Para as empresas que receberam benefícios, a situação é de grande insegurança jurídica, pois não sabem se manterão os incentivos nem mesmo se terão de pagar pelos valores recebidos nos últimos cinco anos. Essa insegurança jurídica certamente vem prejudicando os investimentos no País nos últimos anos, dificultando o crescimento.

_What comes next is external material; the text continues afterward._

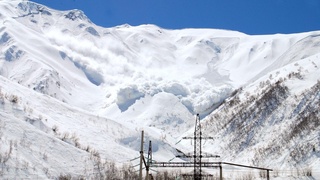 Tojikistonda uch kishi qor ko'chkisi ostida qolib ketdi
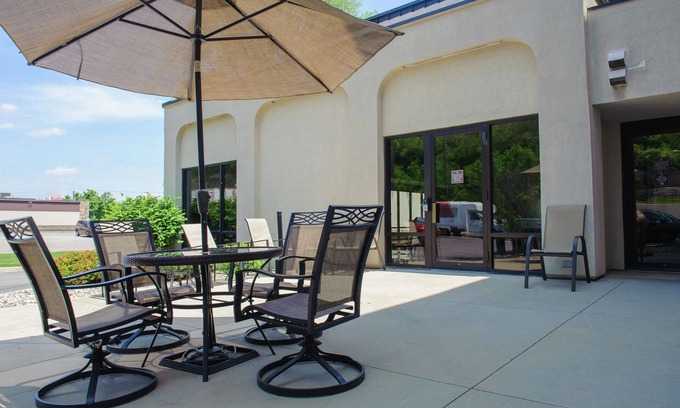 Rochester Hotel | Hampton Inn Rochester-South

Aliás, a guerra fiscal prejudica o crescimento de outras formas. Em particular, quase sempre os incentivos são concedidos pelos Estados de forma a atrair empresas que, na ausência deles, se instalariam em outros Estados - mais próximos dos fornecedores ou do mercado consumidor. A consequência é que uma grande parte dos benefícios (talvez a maior parte) é absorvida na forma de maior custo de logística, contribuindo para sobrecarregar ainda mais a já deficiente malha de transportes do País.

Neste contexto, embora a redução da carga tributária resultante dos incentivos seja positiva para cada empresa tomada individualmente, o impacto para a economia como um todo é uma menor eficiência e um menor crescimento.

As medidas que estão sendo discutidas pelo Senado e pelo Confaz estão longe de ser as ideais, mas pelo menos apontam para uma saída para o imbróglio atual, eliminando a insegurança jurídica das empresas e disciplinando a gradual redução dos incentivos da guerra fiscal, até sua completa extinção em 15 anos. É um passo importante, ainda que incompleto, para resolver um problema que certamente tem prejudicado o crescimento do Brasil.